Lernen vor Ort ist kein zufällig gewählter Begriff, sondern Programm (Bundesministerium für Bildung und Forschung [BMBF], 2008c). Als solches versteht es sich als »eines der größten bisherigen Public-Private-Partnership-Programme Deutschlands« (BMBF, 2008b), mit dem das Bundesministerium für Bildung und Forschung (BMBF) gemeinsam mit deutschen Stiftungen Kreise und kreisfreie Städte bei der Entwicklung und Verstetigung eines kohärenten kommunalen Bildungsmanagements unterstützten. Die Initiative wurde mit Mitteln des BMBF und des Europäischen Sozialfonds (ESF) im Rahmen der ESF-Förderperiode 2007 bis 2013 gefördert. Lernen vor Ort bietet einen Ansatzpunkt, um eine praktisch gewendete, anwendungsbezogene Theorie sozialer Ordnung zu gewinnen. Unter dieser Perspektive kann gefragt werden, für welche Probleme der Gesellschaft die »Kernelemente des Programms« (BMBF, 2008a) eine Lösung darstellen. Lernen vor Ort kann aber auch eine politisch gewendete Theorie sozialer Ordnung anleiten, indem die Umsetzung der programmatischen Vorgaben als »Kampf über die Durchsetzung von Ordnungsvorstellungen […] in Interessen- und Einflusskonstellationen« (Schimank, 1987, S. 233) zum Gegenstand der Untersuchung wird. Beide Fragestellungen sind zentral für die Governance-Perspektive, die sich für Muster der Interdependenzbewältigung zwischen Akteuren unter dem Aspekt der intentionalen Gestaltung interessiert (Schimank, 1987, S. 232). Die mit dieser Studie vorgelegte Governance grenzüberschreitender Professionalisierung und gesellschaftlicher Integration legt den Fokus auf die zweite Fragestellung und damit auf die analytische Perspektive, indem sie Strategien und multiple Rationalitäten beim Aufbau eines kommunalen Bildungsmanagements darstellt. Den Aussagen der Sprecherinnen und Sprecher lässt sie breiten Raum und führt so die normative Perspektive stets mit.

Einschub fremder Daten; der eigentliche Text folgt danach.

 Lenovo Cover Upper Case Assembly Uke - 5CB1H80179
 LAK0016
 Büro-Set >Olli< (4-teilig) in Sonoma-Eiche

Die Governance-Perspektive sieht sich vier zentralen Herausforderungen gegenüber. Politische und organisatorische Gestaltungsakteure setzen auf der Meso-Ebene organisatorischer und interorganisatorischer Strukturen an, um die Leistungsproduktion in einem spezifischen Sektor zu beeinflussen (Schimank, 1987, S. 234). Um die Komplexität sozialer Ordnung zu erfassen, hat die Governance-Forschung daher erstens auch die Makro- und Mikro-Ebene der intentionalen Gestaltung von Governance-Strukturen in den Blick zu nehmen. Im Kontext der Hochschulforschung hat sich der so genannte Governance-Equalizer als Analyseinstrument etabliert, dessen Dimensionen als »Schieberegler […] graduell herauf- und heruntergefahren« (Schimank, 1987, S. 239) werden, um Veränderungen von Governance-Regimen darzustellen. Auch die wissenschaftliche Begleitforschung zum Programm Lernen vor Ort arbeitet mit einem Governance-Equalizer, ersetzt die »dezisionistisch« gesetzten Regler allerdings »durch empirische Regler […], die induktiv aus Interviewdaten und teilnehmenden Beobachtungen gewonnen wurden« (Brüsemeister, 2015a, S. 85). Die Governance-Perspektive bedarf somit zweitens der Klärung des theoretischen Vorwissens und der Spezifizierung der Wissensformen, um im qualitativen Forschungsprozess zu empirisch gehaltvollem Theoriewissen (Kelle & Kluge, 2010, S. 39) zu gelangen. Drittens stellt sich damit die Frage, wie der für die qualitative Forschung zentrale Anspruch der Offenheit bei der empirischen Operationalisierung des Governance-Equalizers gewahrt werden kann. Viertens schließlich kann die Governance-Perspektive ihre praktische Relevanz nur dann einlösen, wenn es ihr gelingt, »Analysen von Governance-Regimen auf der Meso-Ebene damit zu verknüpfen, dass auf der Mikro-Ebene systematisch die Auswirkungen bestimmter Ausprägungen dieser Regime auf die jeweilige sektorale Leistungsproduktion untersucht werden« (Schimank, 1987, S. 254). Kritik an der fehlenden Verknüpfung zwischen Regelungs- und Leistungsstrukturen findet ihren Ausdruck in der Aussage, dass Regionalisierung lediglich auf der Ebene der Systemintegration ansetze und das Ziel der Sozialintegration verfehle (Emmerich, Rahm & Nerowski, 2011, S. 20).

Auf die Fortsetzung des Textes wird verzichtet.